+++ The input

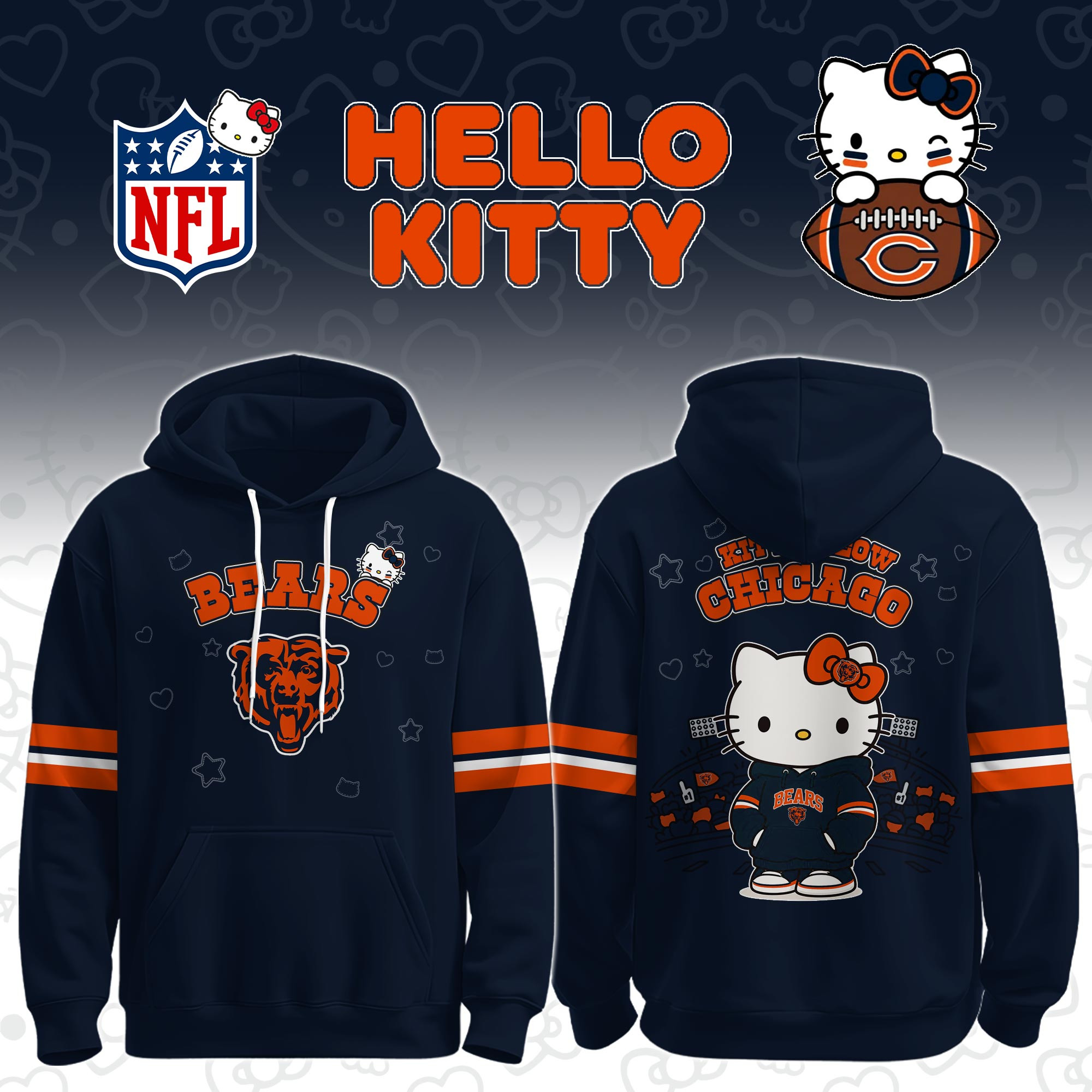 Chicago Bears x Hello Kitty Hoodie Bears Football NFL Attire Gifts For Friends
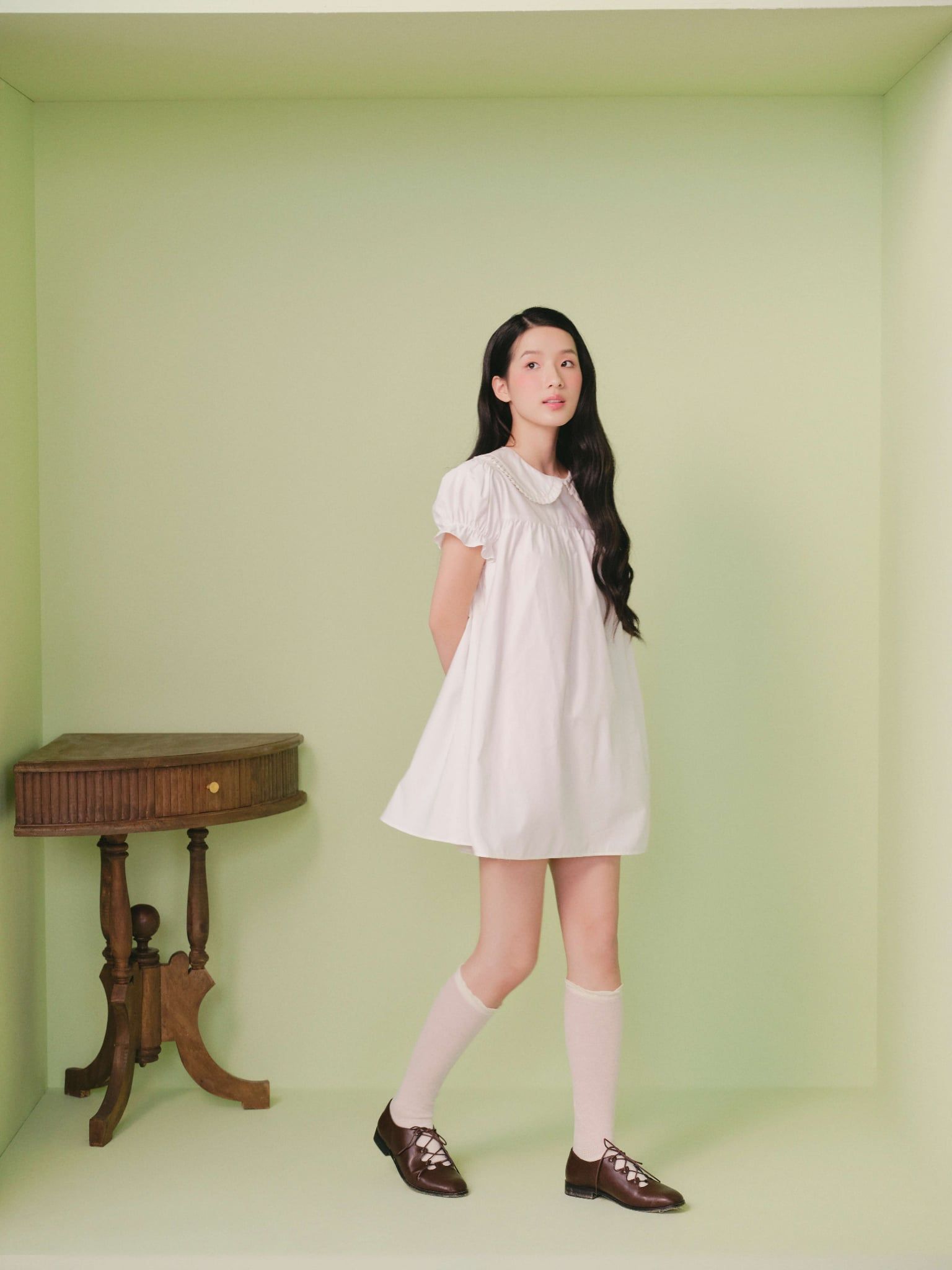 Đầm babydoll White Plain Babydoll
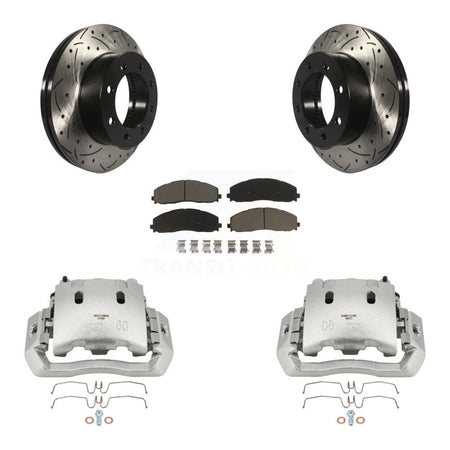 Front Brake Coated Caliper Drill Slotted Rotor Ceramic Pad Kit For Ford F-450 Super Duty KCD-100130C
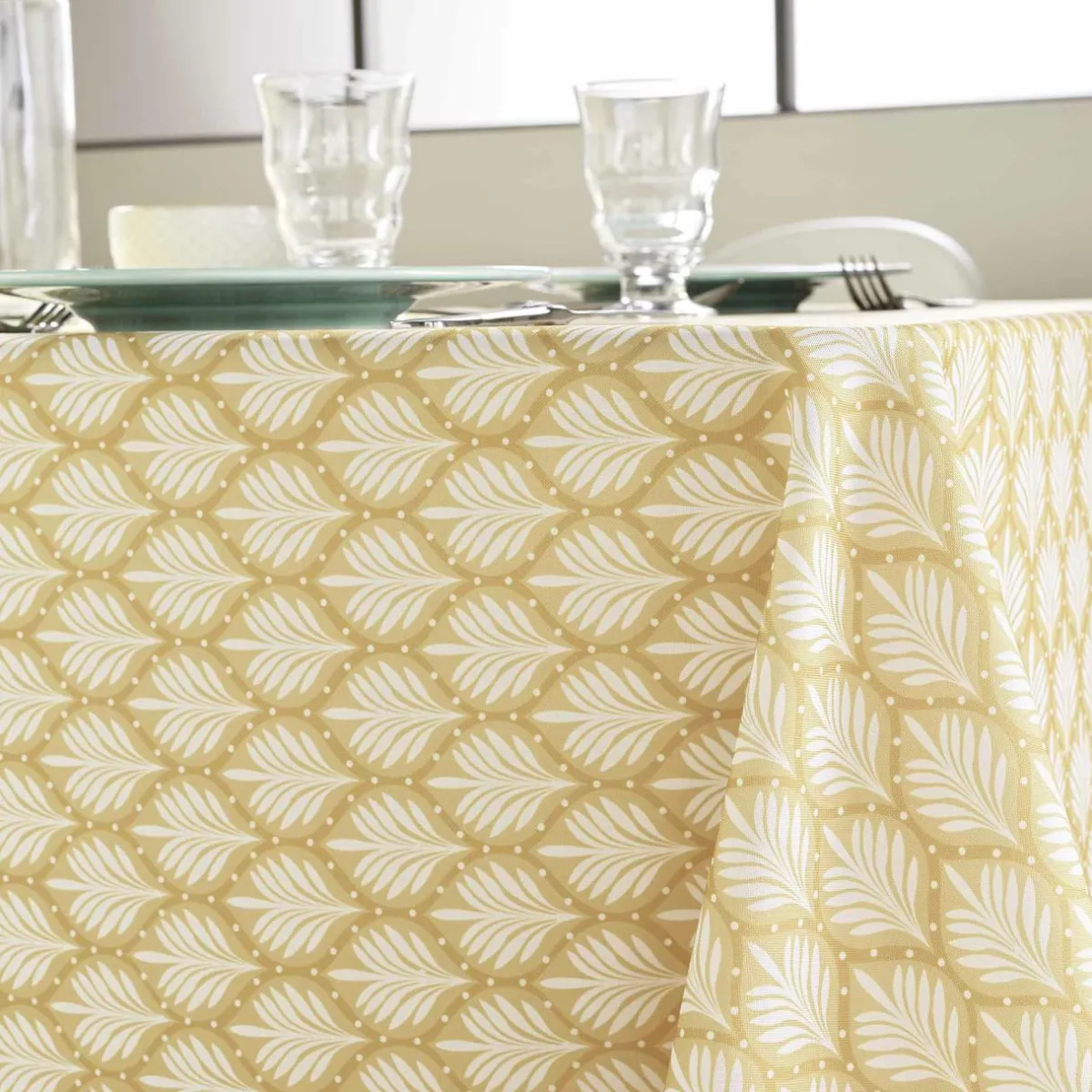 douceur d'intu017drieur Nappe rectangulaire anti tache (145 x 240 cm) Davia Jaune ocre New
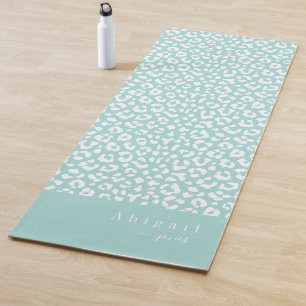 Tapis De Yoga Aqua Blue Poster de animal Nom du script Personnal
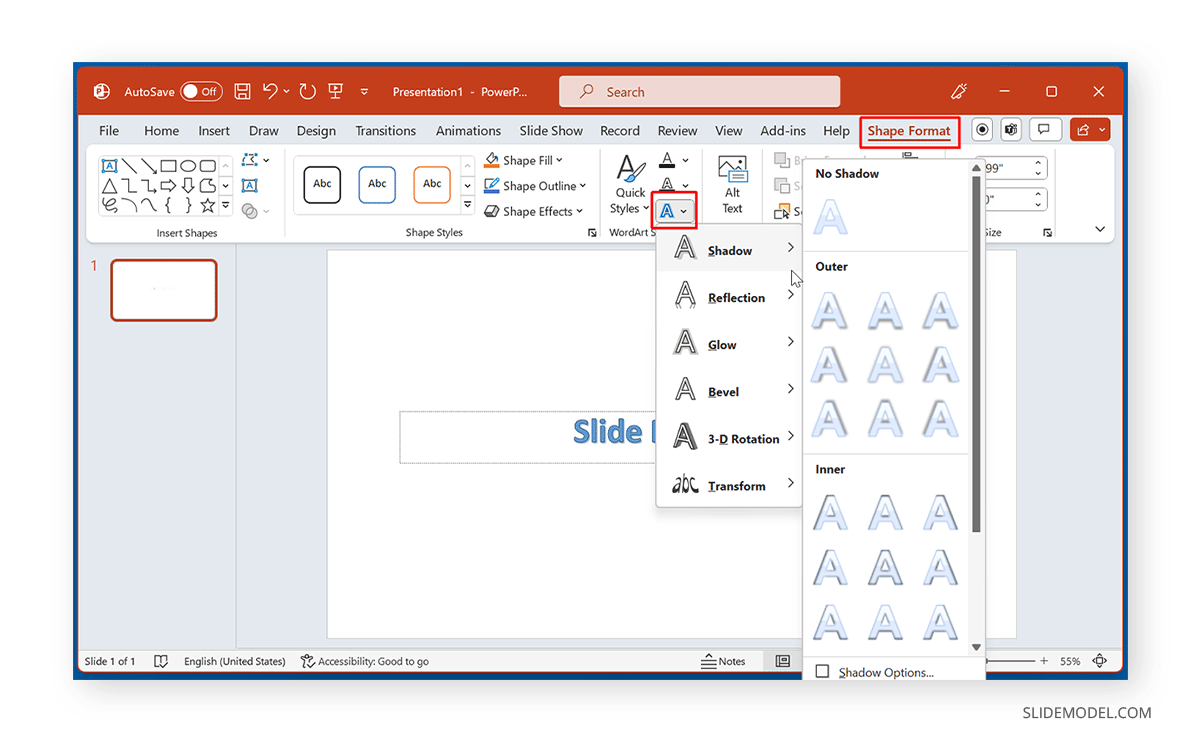 Shadow Effect for WordArt in PowerPoint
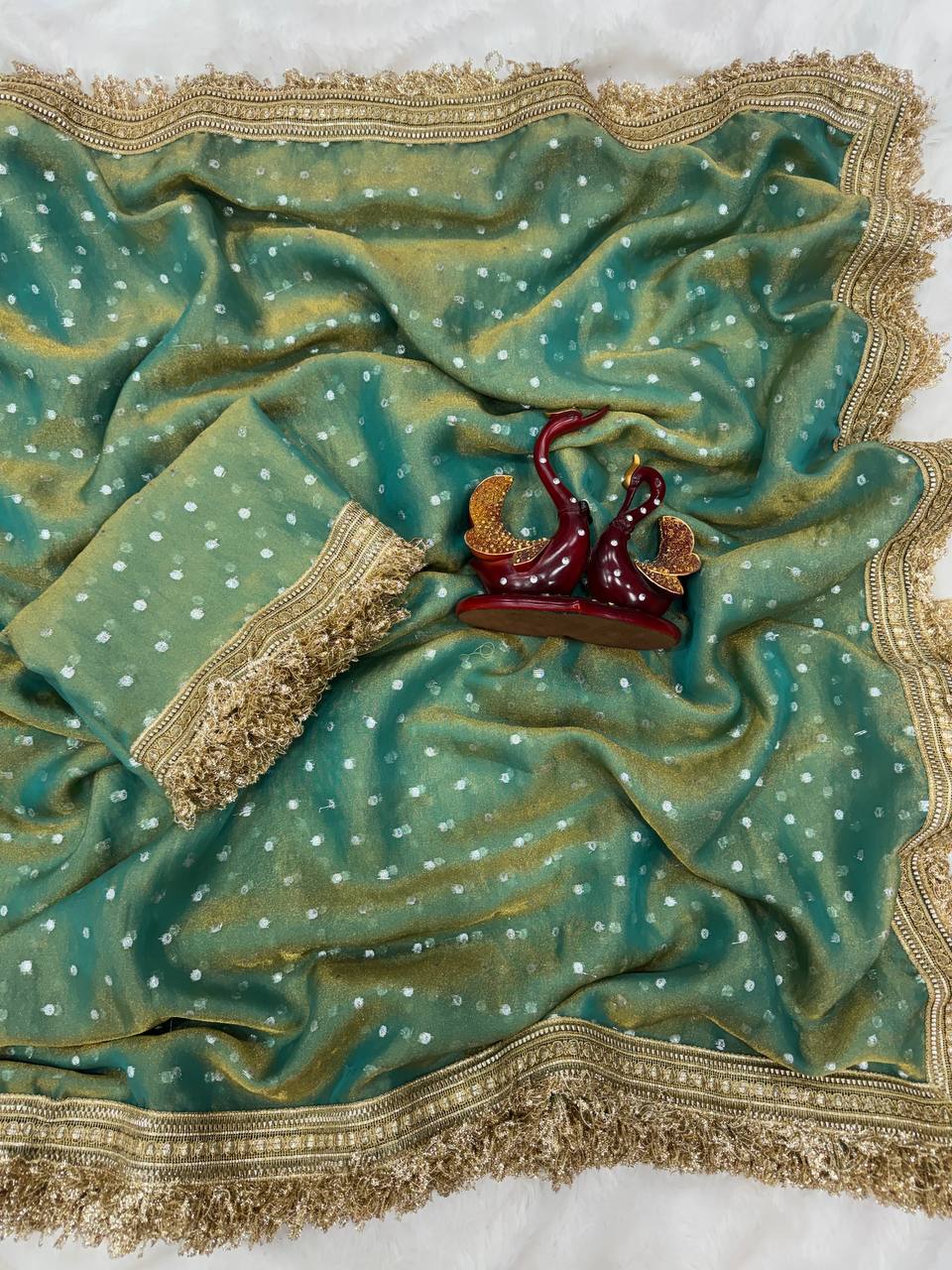 Moss Silk Jacquard Butti Designer Saree with Fancy Lace Border – Elegant Party & Festive Wear Saree with Blouse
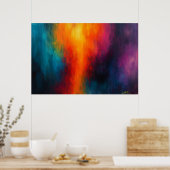 Chromatic Surge - Fiery Orange Meets Midnight Blue Poster (Keuken)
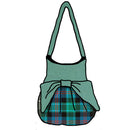 MacTaggart Ancient Effie Bag in MacDonald of Clanranald Ancient with an Aqua Top and Bow, showcasing its beautiful wool melton fabric.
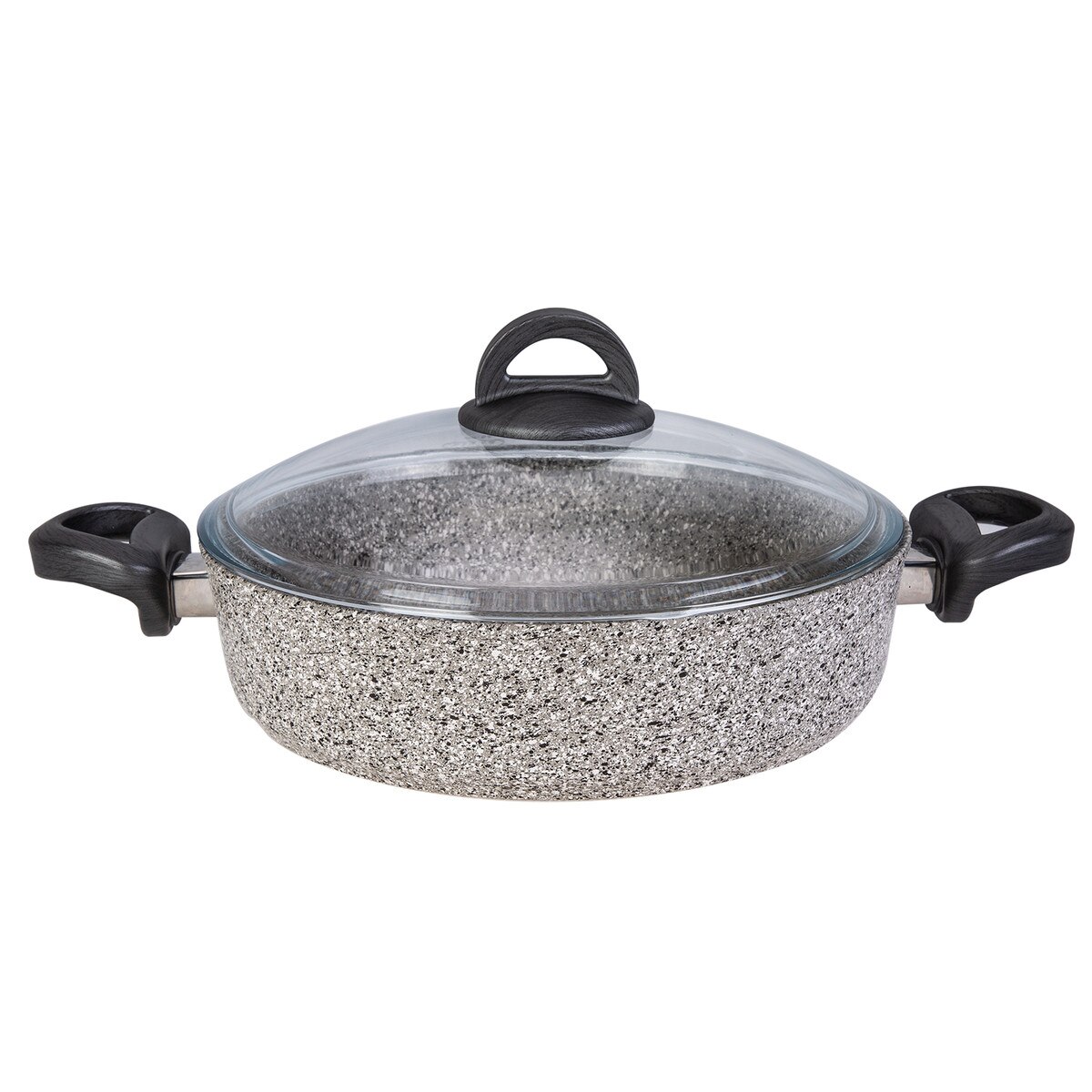 Tigaie dubla cu manere Karaca, 30 cm, Granit, Gri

++++++

Your assignment:
Reproduce every record above exactly as given, excluding pictures from the result.

Solution for this task:
 Chicago Bears x Hello Kitty Hoodie Bears Football NFL Attire Gifts For Friends
 Đầm babydoll White Plain Babydoll
 Front Brake Coated Caliper Drill Slotted Rotor Ceramic Pad Kit For Ford F-450 Super Duty KCD-100130C
 douceur d'intu017drieur Nappe rectangulaire anti tache (145 x 240 cm) Davia Jaune ocre New
 Tapis De Yoga Aqua Blue Poster de animal Nom du script Personnal
 Shadow Effect for WordArt in PowerPoint
 Moss Silk Jacquard Butti Designer Saree with Fancy Lace Border – Elegant Party & Festive Wear Saree with Blouse
 Chromatic Surge - Fiery Orange Meets Midnight Blue Poster (Keuken)
 MacTaggart Ancient Effie Bag in MacDonald of Clanranald Ancient with an Aqua Top and Bow, showcasing its beautiful wool melton fabric.
 Tigaie dubla cu manere Karaca, 30 cm, Granit, Gri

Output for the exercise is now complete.